WORK ORDER: Among the entries that follow, locate the line with "So with this" and the line with "Often when you". Output those lines and all lines in between, exactly, minus the pictures.

***** GIVEN DATA *****

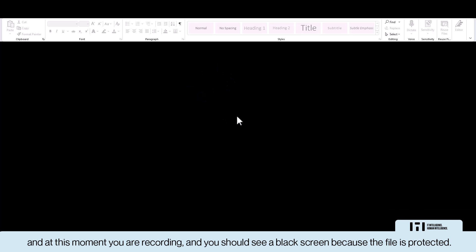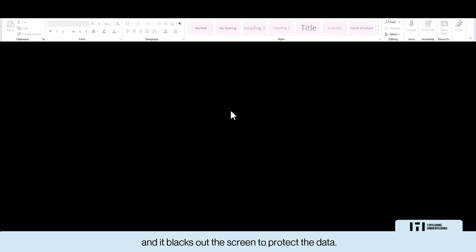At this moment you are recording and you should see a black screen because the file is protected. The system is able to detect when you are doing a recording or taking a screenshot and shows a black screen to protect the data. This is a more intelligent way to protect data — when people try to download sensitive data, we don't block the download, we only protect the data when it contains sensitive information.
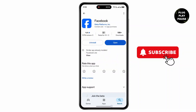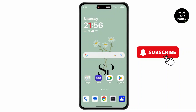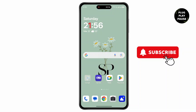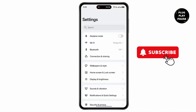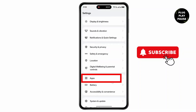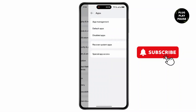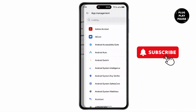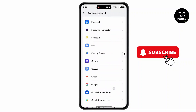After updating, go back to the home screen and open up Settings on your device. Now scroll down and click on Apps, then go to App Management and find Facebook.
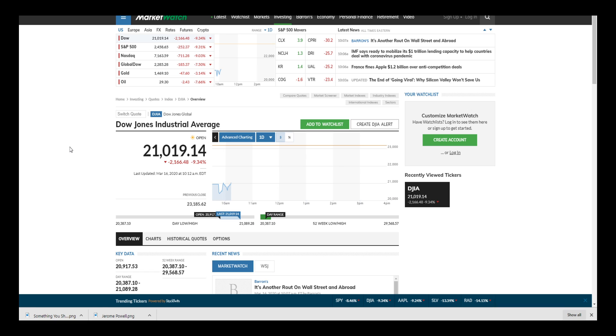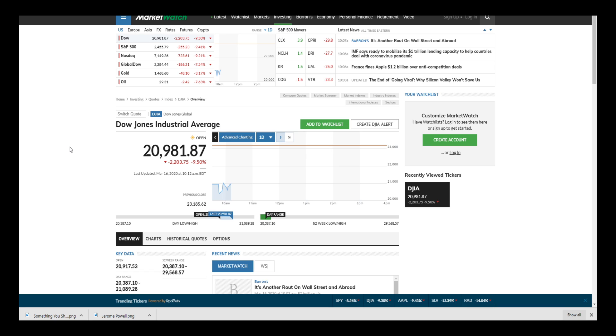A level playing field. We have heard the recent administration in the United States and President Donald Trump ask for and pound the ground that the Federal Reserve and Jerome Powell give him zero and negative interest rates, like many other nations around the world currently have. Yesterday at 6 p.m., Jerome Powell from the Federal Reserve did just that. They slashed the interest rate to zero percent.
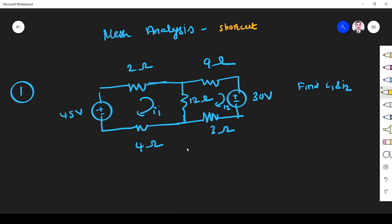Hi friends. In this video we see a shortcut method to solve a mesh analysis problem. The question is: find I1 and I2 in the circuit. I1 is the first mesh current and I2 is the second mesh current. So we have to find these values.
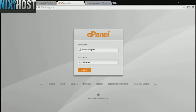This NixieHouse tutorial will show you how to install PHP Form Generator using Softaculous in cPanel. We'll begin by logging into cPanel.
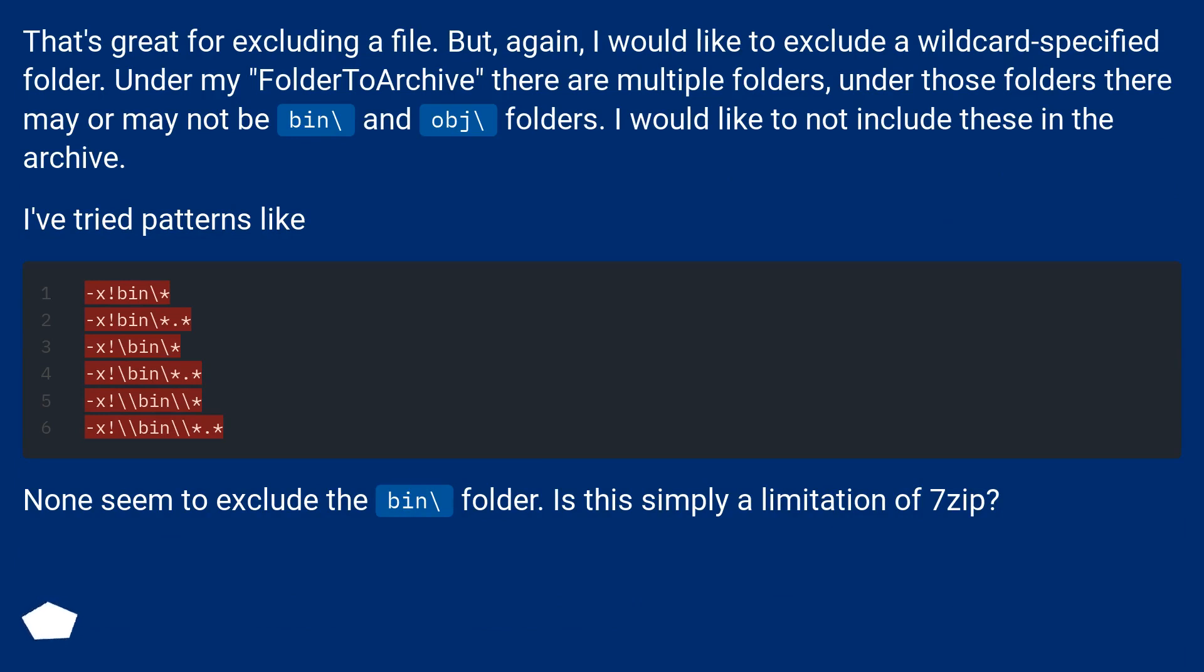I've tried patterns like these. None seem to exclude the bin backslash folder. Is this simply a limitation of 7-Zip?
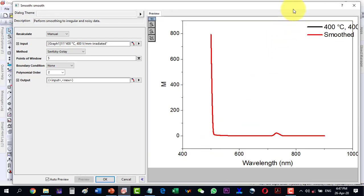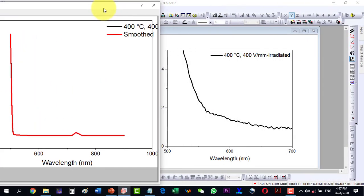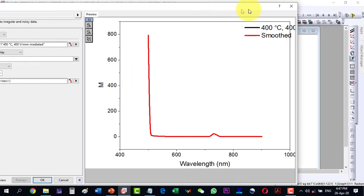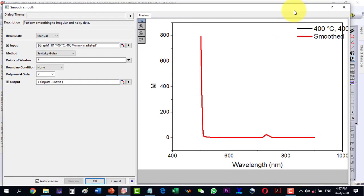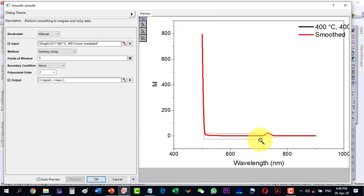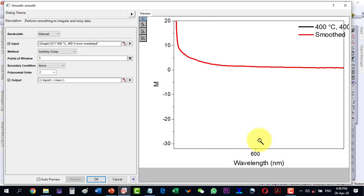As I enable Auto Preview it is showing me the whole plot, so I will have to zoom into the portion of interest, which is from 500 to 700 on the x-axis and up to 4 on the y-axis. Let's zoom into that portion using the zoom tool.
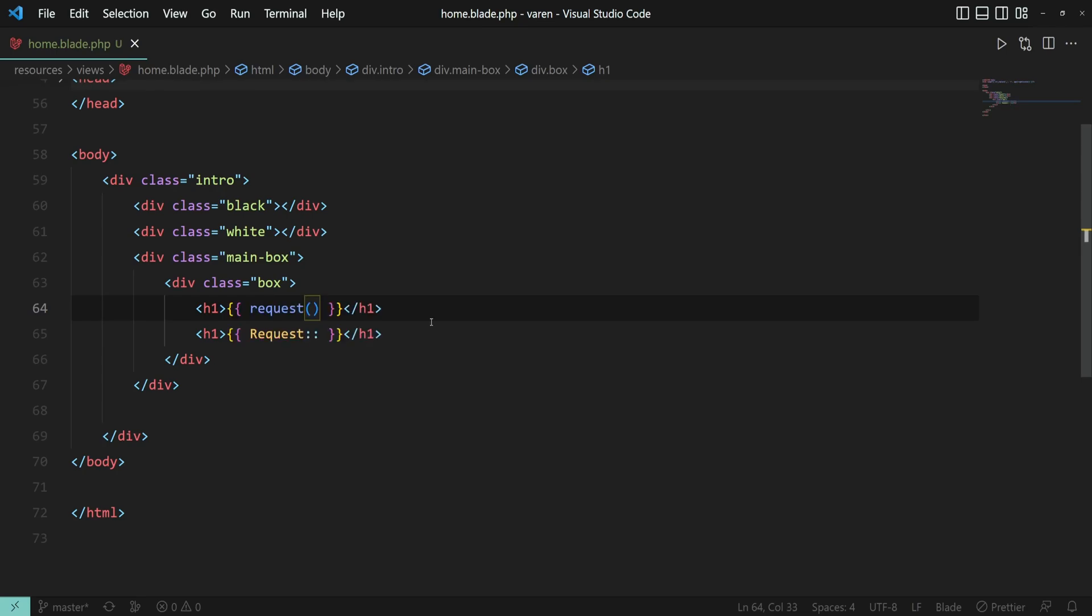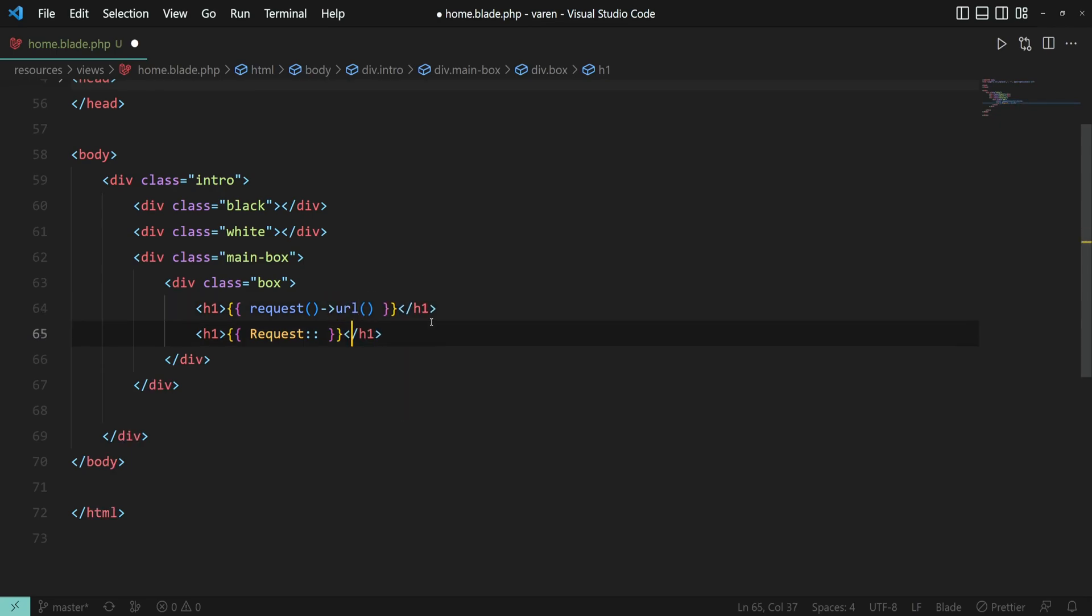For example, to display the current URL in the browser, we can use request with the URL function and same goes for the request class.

*****
***** GIVEN DATA *****

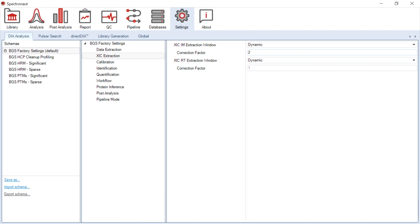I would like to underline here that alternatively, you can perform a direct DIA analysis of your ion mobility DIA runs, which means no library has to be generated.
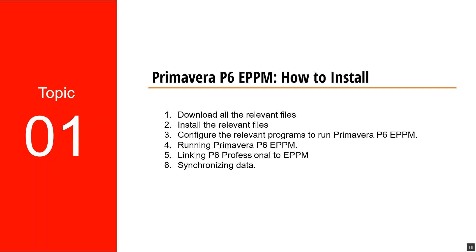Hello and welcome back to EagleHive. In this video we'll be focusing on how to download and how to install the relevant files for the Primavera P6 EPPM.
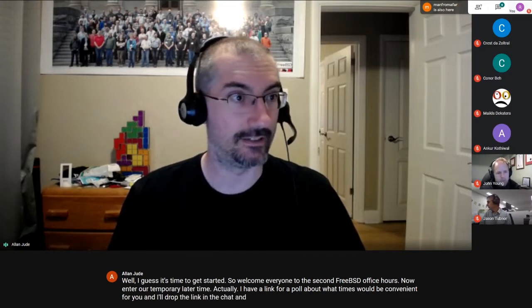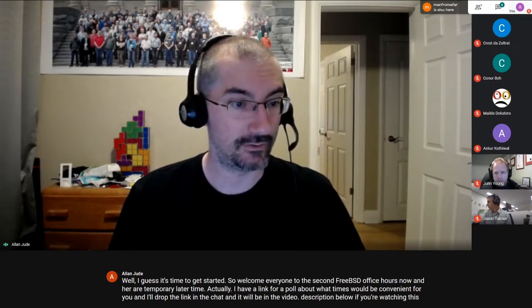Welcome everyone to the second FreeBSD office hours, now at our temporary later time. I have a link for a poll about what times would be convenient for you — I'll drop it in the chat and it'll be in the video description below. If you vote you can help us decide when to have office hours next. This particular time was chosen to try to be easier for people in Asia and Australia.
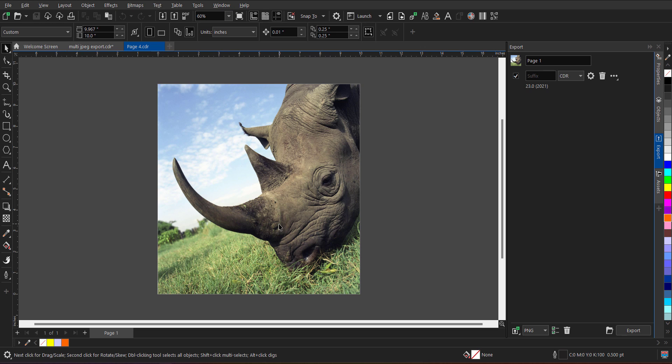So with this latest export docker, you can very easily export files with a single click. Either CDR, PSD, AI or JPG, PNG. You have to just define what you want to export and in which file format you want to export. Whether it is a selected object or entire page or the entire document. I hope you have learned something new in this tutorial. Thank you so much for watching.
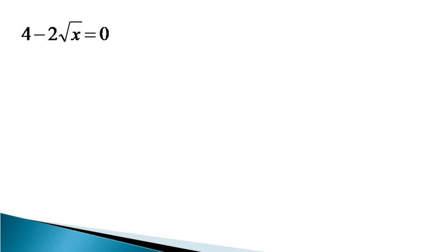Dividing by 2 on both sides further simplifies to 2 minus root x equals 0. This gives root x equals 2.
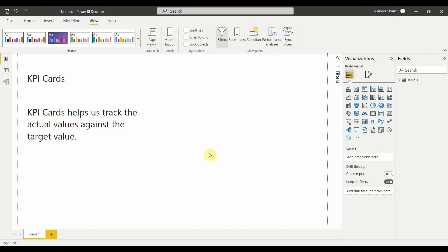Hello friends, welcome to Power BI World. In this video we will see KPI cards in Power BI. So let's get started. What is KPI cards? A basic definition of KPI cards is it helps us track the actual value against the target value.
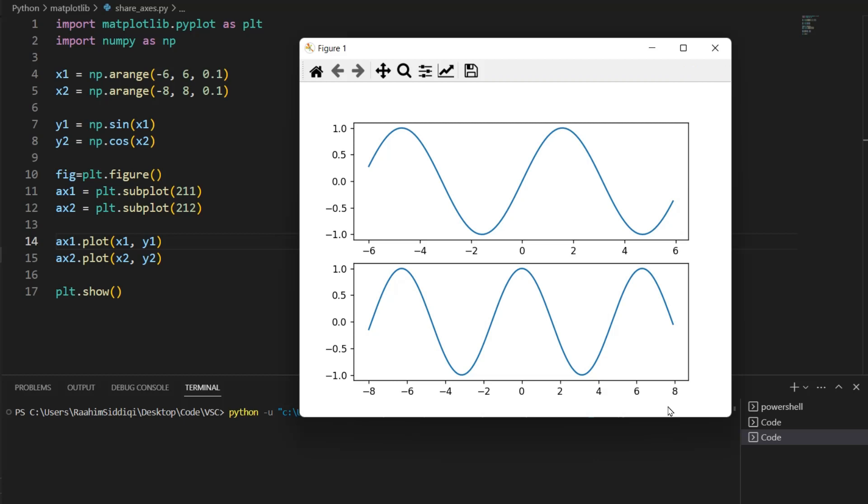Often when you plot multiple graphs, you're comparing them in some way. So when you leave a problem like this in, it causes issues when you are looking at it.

*****
***** GIVEN DATA *****

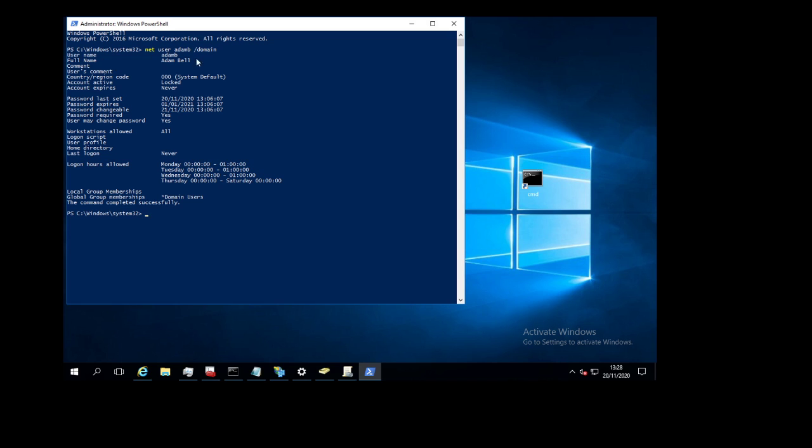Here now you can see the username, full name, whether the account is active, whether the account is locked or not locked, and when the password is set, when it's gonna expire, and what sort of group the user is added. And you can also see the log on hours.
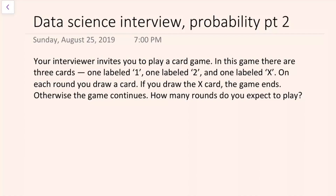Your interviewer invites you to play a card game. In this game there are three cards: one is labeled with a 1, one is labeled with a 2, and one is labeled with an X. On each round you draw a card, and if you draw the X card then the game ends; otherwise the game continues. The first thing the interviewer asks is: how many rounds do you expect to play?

*****

ANSWER TO THE PROBLEM:
So with this latest export docker, you can very easily export files with a single click. Either CDR, PSD, AI or JPG, PNG. You have to just define what you want to export and in which file format you want to export. Whether it is a selected object or entire page or the entire document. I hope you have learned something new in this tutorial. Thank you so much for watching.
Dividing by 2 on both sides further simplifies to 2 minus root x equals 0. This gives root x equals 2.
Hello friends, welcome to Power BI World. In this video we will see KPI cards in Power BI. So let's get started. What is KPI cards? A basic definition of KPI cards is it helps us track the actual value against the target value.
Often when you plot multiple graphs, you're comparing them in some way. So when you leave a problem like this in, it causes issues when you are looking at it.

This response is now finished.